> Problem: Reproduce, exactly and in full, the records that follow, minus any pictures.

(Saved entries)

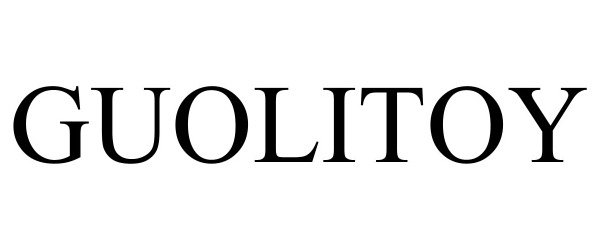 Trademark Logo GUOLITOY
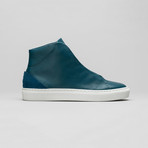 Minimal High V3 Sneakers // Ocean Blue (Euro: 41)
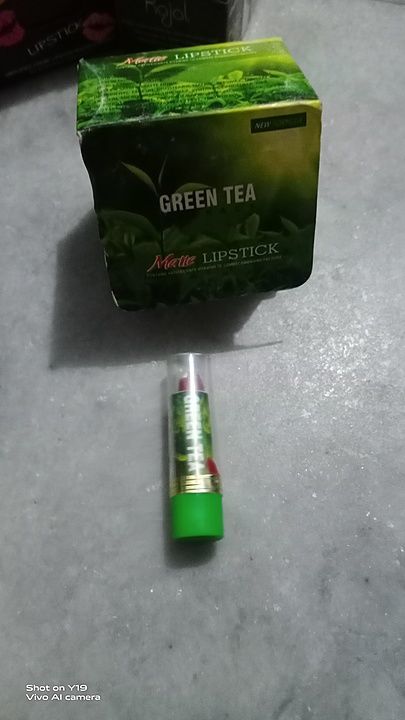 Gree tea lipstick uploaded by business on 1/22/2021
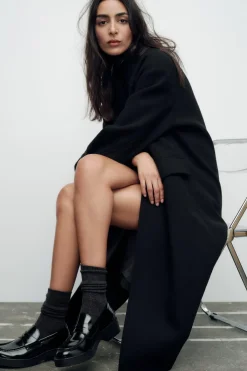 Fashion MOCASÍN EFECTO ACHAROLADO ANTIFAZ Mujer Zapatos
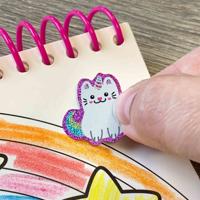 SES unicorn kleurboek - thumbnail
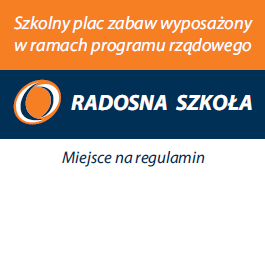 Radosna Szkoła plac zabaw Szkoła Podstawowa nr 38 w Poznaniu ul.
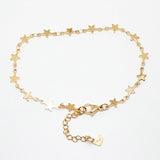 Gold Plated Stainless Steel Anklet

> Your response:
 Trademark Logo GUOLITOY
 Minimal High V3 Sneakers // Ocean Blue (Euro: 41)
 Gree tea lipstick uploaded by business on 1/22/2021
 Fashion MOCASÍN EFECTO ACHAROLADO ANTIFAZ Mujer Zapatos
 SES unicorn kleurboek - thumbnail
 Radosna Szkoła plac zabaw Szkoła Podstawowa nr 38 w Poznaniu ul.
 Gold Plated Stainless Steel Anklet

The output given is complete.